■ What to produce: The data below should be printed in full, exactly, and without any of its images.

■ Collected data:
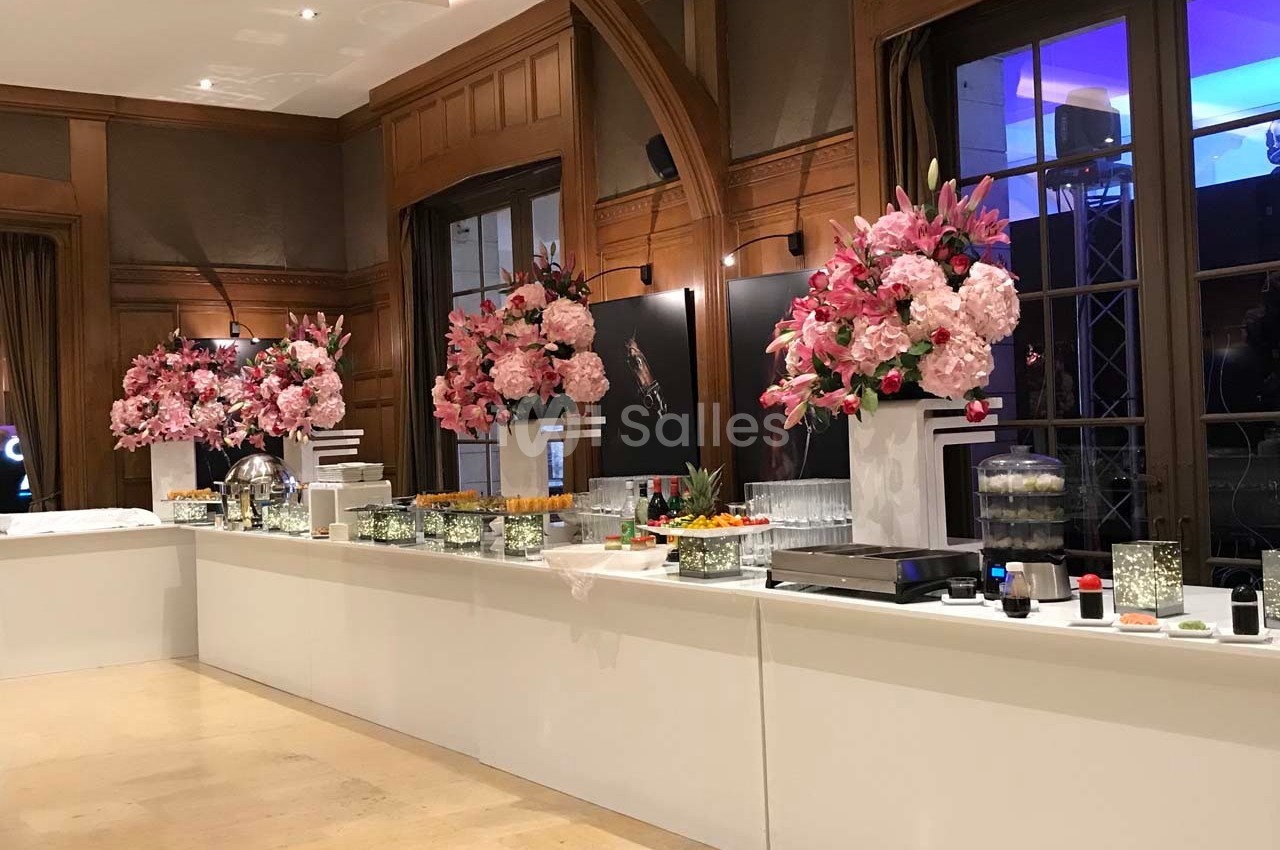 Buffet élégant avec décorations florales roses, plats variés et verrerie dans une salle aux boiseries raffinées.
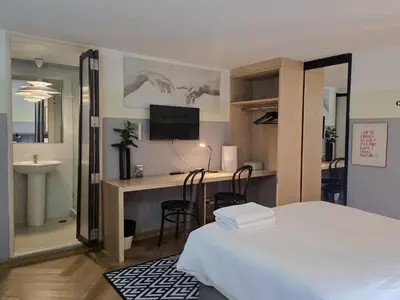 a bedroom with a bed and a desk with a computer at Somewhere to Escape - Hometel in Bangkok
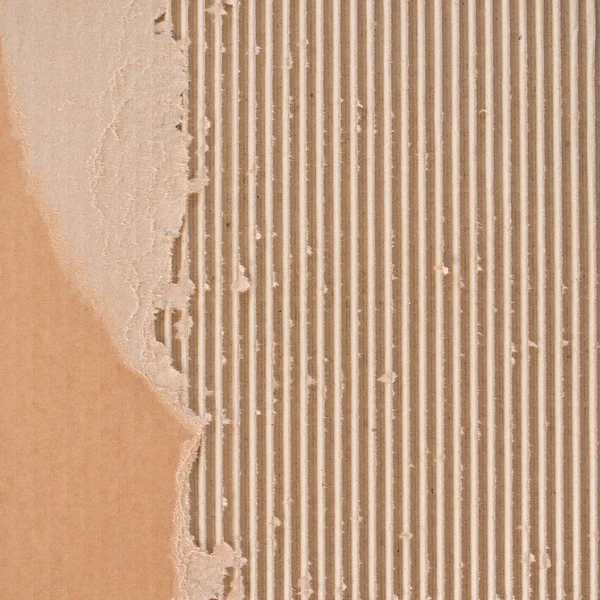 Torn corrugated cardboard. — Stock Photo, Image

■ Task response:
 Buffet élégant avec décorations florales roses, plats variés et verrerie dans une salle aux boiseries raffinées.
 a bedroom with a bed and a desk with a computer at Somewhere to Escape - Hometel in Bangkok
 Torn corrugated cardboard. — Stock Photo, Image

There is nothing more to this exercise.